__Instructions for the task__. Exclude the pictures, and otherwise reproduce the data in full.

__Data excerpt__.
*** Begin section ***
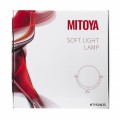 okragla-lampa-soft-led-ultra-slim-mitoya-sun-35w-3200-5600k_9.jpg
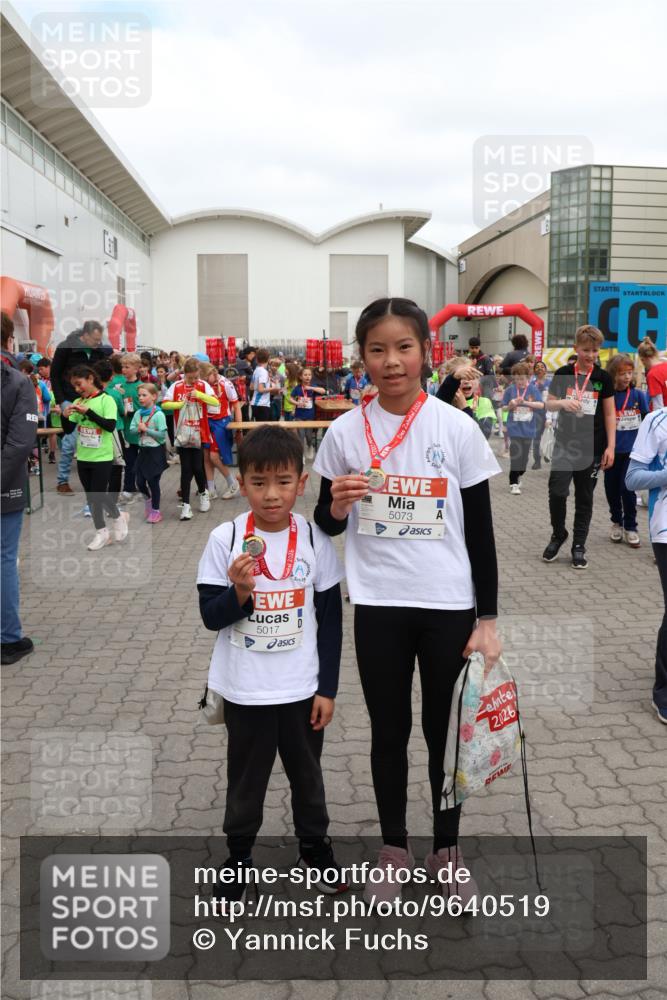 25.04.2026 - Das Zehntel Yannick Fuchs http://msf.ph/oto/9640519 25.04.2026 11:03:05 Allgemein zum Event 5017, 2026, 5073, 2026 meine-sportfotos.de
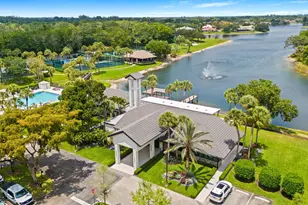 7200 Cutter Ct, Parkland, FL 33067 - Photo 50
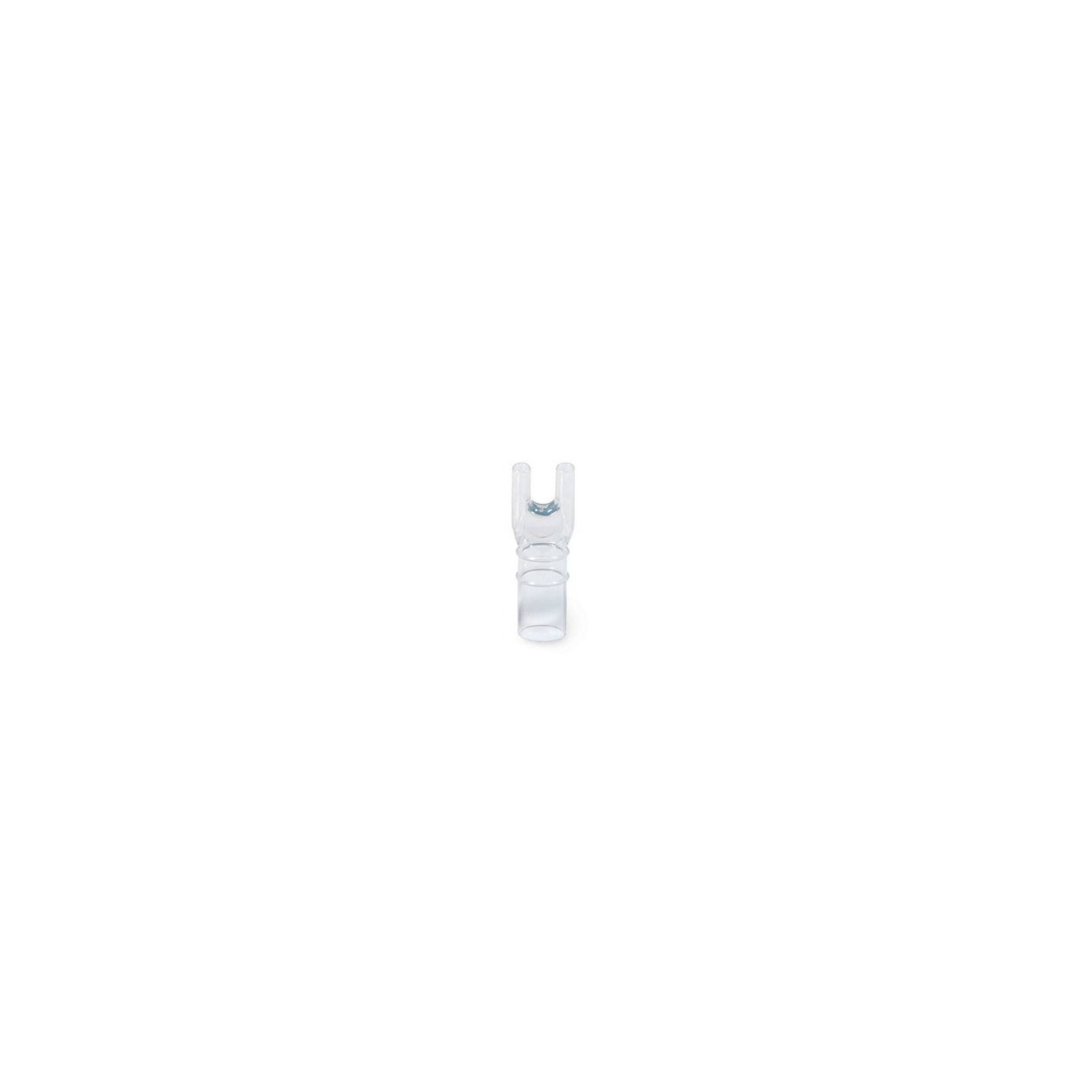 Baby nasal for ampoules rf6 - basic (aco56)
*** End section ***
__Task answer__.
 okragla-lampa-soft-led-ultra-slim-mitoya-sun-35w-3200-5600k_9.jpg
 25.04.2026 - Das Zehntel Yannick Fuchs http://msf.ph/oto/9640519 25.04.2026 11:03:05 Allgemein zum Event 5017, 2026, 5073, 2026 meine-sportfotos.de
 7200 Cutter Ct, Parkland, FL 33067 - Photo 50
 Baby nasal for ampoules rf6 - basic (aco56)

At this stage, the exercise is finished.